4. “Kyrie” – Mr Mister. It was the beginning of March ’86 that this not-so-great song by this not-so-great duo reached #1 on Billboard’s Top 40 for pop music. I liked the song for obvious reasons, at least to me. I could relate to the lyrics, as those last few years in my life had been pretty rough. While not completely reflected in my grades, I realized that if I wanted to go to college on a scholarship, I’d need to raise my game at least one more notch. “Kyrie” became my theme music for that.
If anyone cares to remember, most pop music on either side of the racial divide was about as serious as a five-year-old after drinking orange soda and eating a Snickers bar (I’m talking about me, not Noah – I would NEVER do that to my son ;)). So a pop song about a higher power watching over me through every step I’d take, well as a Christian without a country, I couldn’t ask for anything more. It helped that I actually liked the guitar riffs and could run to it.
5. “Piano In The Dark” – Brenda Russell. Part of being me is to be eclectic, which was why even I was surprised when I found myself liking this song. It was such a serious song during such silly times in music. I was a semester and a half into my Pitt years, and already I found my music tastes changing. The channeled anger from my crash and burn with crush # 2 that had sustained me for the first few weeks of the Spring had dissipated by early March ’88. With the warmer weather of that first Spring Break came also some sense of sweetness. I felt better enough about myself by then. Between Richard Marx, Michael Bolton, Michael Jackson (yeah, well, what can I say), Anita Baker, Salt ‘n Pepa, Kenny G, and others, I found myself beginning to find my self, my voice again. Some of that voice is contained in Russell’s “Piano In The Dark.”
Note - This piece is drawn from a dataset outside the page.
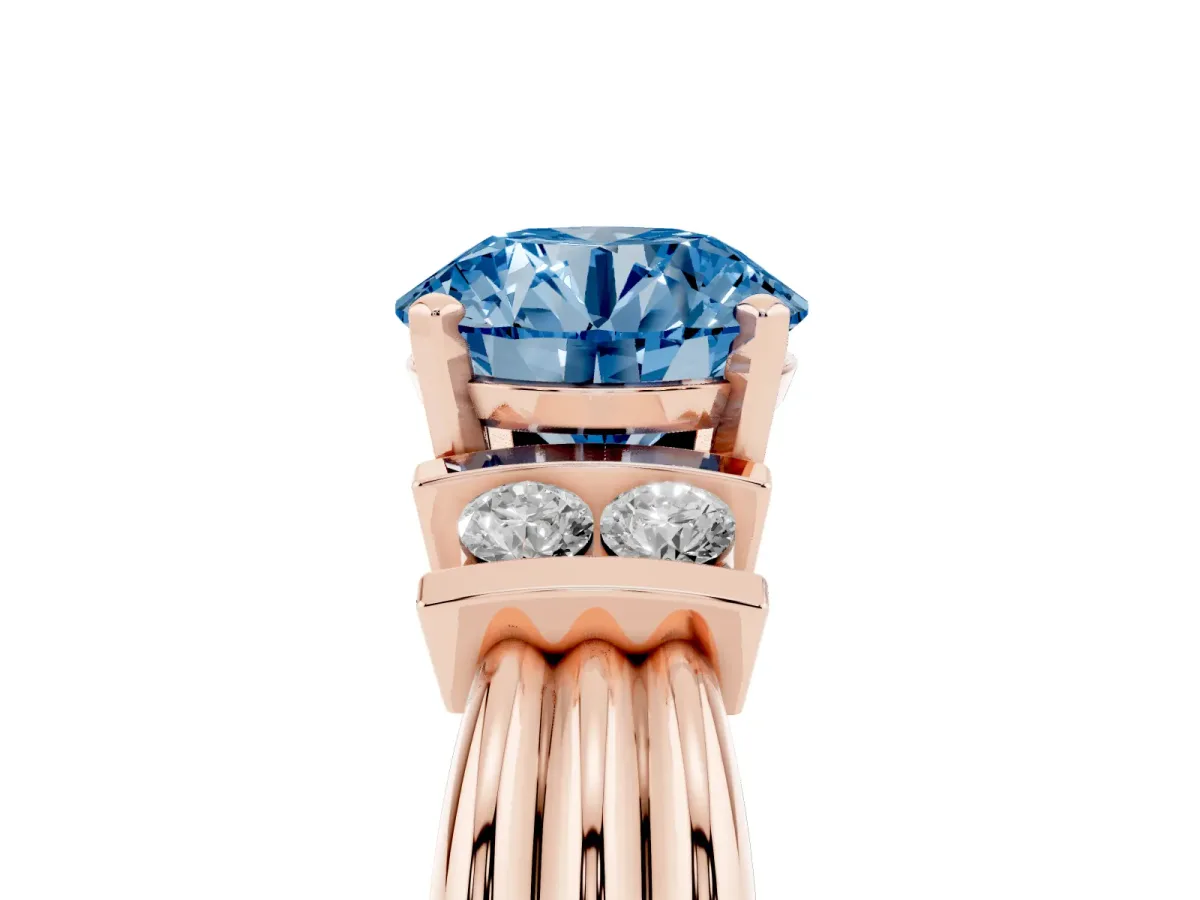 Fancy Blue Round Cut Cut Three-Stone Channel Set Ring with Bar Prongs Rose gold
6. “You Can’t Deny It” – Lisa Stansfield. By March ’90, with my first CD system (it was a boom box with high speed dubbing), I understood myself to be eclectic, and so did my friends. I no longer felt weird about the wide variety of music I liked, even when occasionally clowned about it. The ’90s finally had arrived, and with it came more and, in my opinion, better music to listen to and consume. Lisa Stansfield was the first “new” artist of the decade for me, and even though some of my female friends played her ad nauseum, I fell in love with this song because it was so fresh and different from much of the music from the late ’80s.
7. “Beautiful Day” – U2. I skipped over most of the ’90s because most of my musical discoveries in that decade didn’t occur in March. Plus, once I started grad school, I was constantly inundated with different kinds of music. By the end of the decade, I was so consumed with work and writing and a new marriage that I didn’t pay as much attention to music as I should. I knew full well that U2 had released a new album in October ’00. But I didn’t snap up the new CD, wasn’t listening much to the radio, and was working upwards of 120 hours a week while finding a new job. Luckily I “discovered” “Beautiful Day” before it was too late to enjoy it.
It reminded me of all of the hopes and dreams of my past, my past crushes, my heartbreak and my deepest joys. It reminded me to remain hopeful about the future, even if things do look bleak at the moment. God knows we need that more than anything right now.